Sunday, April 10, 2011

Waste Management In Taipei

A piece in the Straits Times print edition today (Monday, 11 Apr 2011): "Trash war: Sweet smell of success". The article details Taipei's waste management system, and caught my as a Taiwanese friend had mentioned it some time back in conversation. - System was started in 2000. - 2,500 collection points at street corners throughout the city, for trash and recyclables. - Collection daily except Wed and Sat. - Most residents or shopkeeps outsource the dumping and sorting of waste to private trash collectors for a monthly fee. - 56 fixed collection centres located across Taipei City, for people who are unable to meet the scheduled pickup and whose residence / office have not outsourced their trash collection activities. - "Pay-as-you-throw" system requires households and businesses to put waste in government issue blue garbage bags sold bfor between NT$1.35 and NT$45 each, depending on size. Residents who use unauthorised bags can be fined up to NT$6,000. - Recyclables are sorted (BY HAND!) into 7 categories: PET bottles, glass bottles, plastics, aluminium and ferrous metals, paper, food scraps, clothing.
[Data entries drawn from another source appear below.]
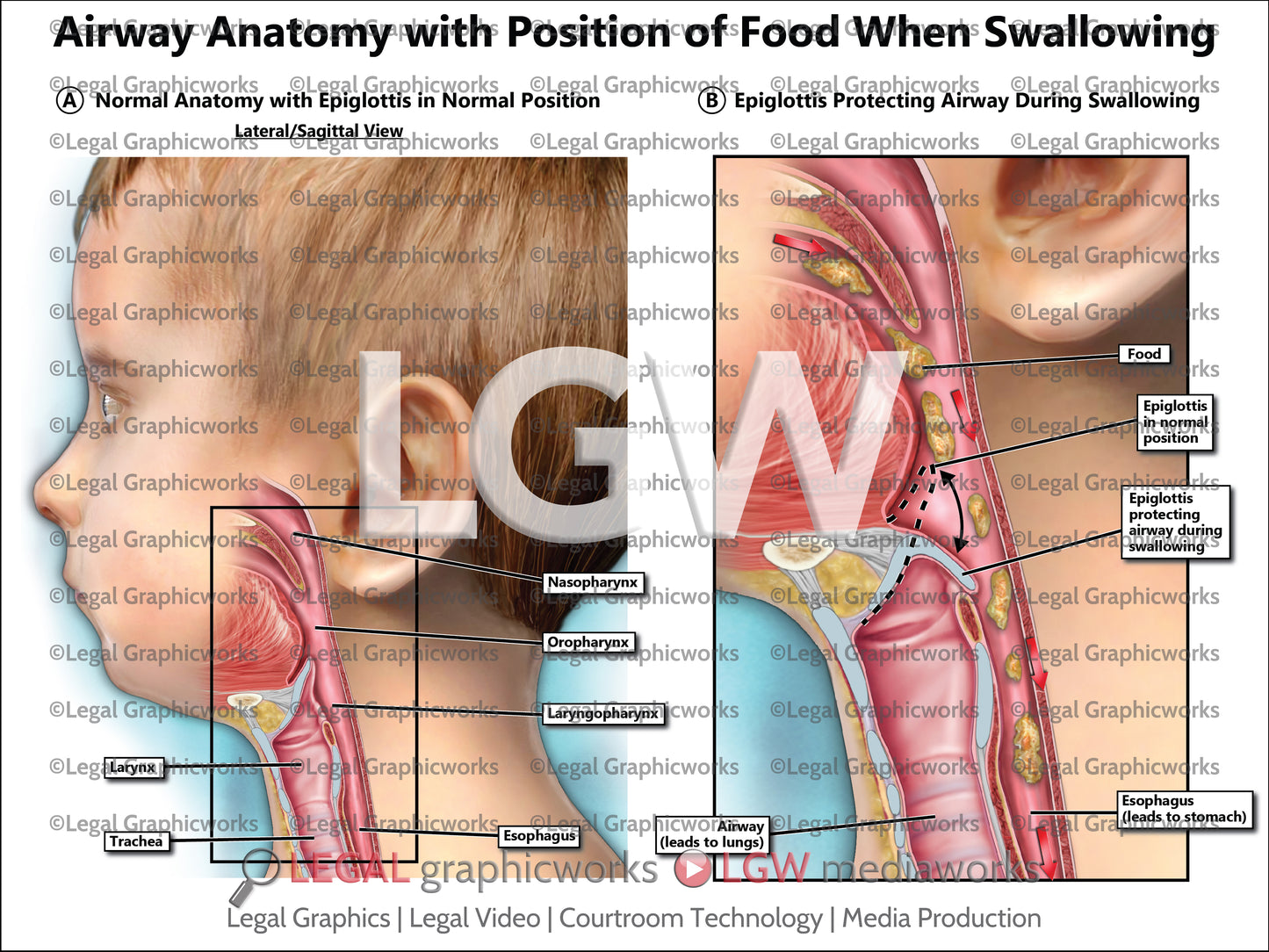 Airway Anatomy with Position of Food When Swallowing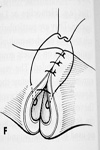 Gambee suture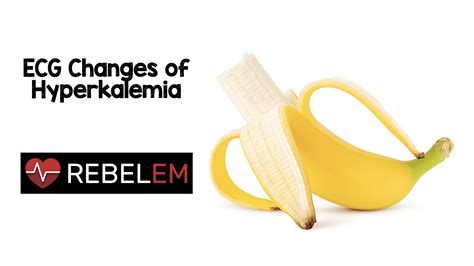 ECG Changes of Hyperkalemia - REBEL EM - Emergency Medicine Blog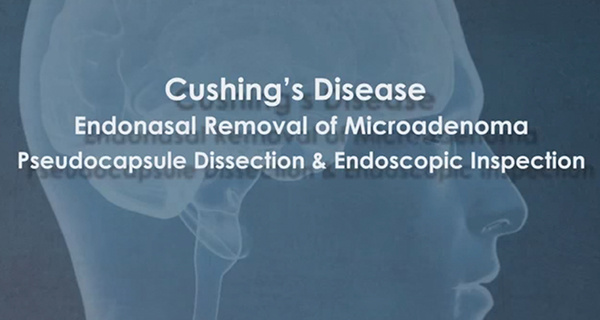 cushing's disease banner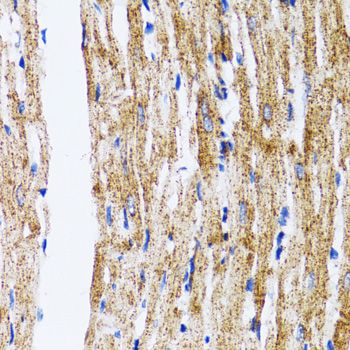 Immunohistochemistry - MAP1LC3B Polyclonal Antibody (144-07198)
Recyclables are collected free of charge.

And the results?


- Taipei's 2.7m people produced 1,619 tonnes of trash a day in 2010 vs 3,695 tonnes before 2000


- Recycling rates up from 2.4% to 43%


- Taipei's only landfill is now an ecological park, having been idle since the beginning of 2011- 3 incineration plants operating at below capacity because of less-than-expected trash


- Taipei residents pay on average NT$51 a month in 2010 vs NT$144 a decade ago


- Per capita CO2 emissions were 4.2 tonnes in 2008, lower than the average of 4.6 tonnes among 22 major Asian cities surveyed by the EIU in 2010


- System costs government NT$3.1bn a year to run, vs revenues of NT$400m from the sale of garbage bags


I think the charging for collection bags, even if for only a nominal fee, is nifty as it accomplishes 2 things - (1) the nominal charge will make most people conscious about their volume of general waste, and (2) more importantly though, it will make people conscious about separating recyclables from the general trash pool (so they use less of the chargeable trash bags). It is amazing how many people still do not make an effort to recycle, and recycling has to start from consciousness at the individual level.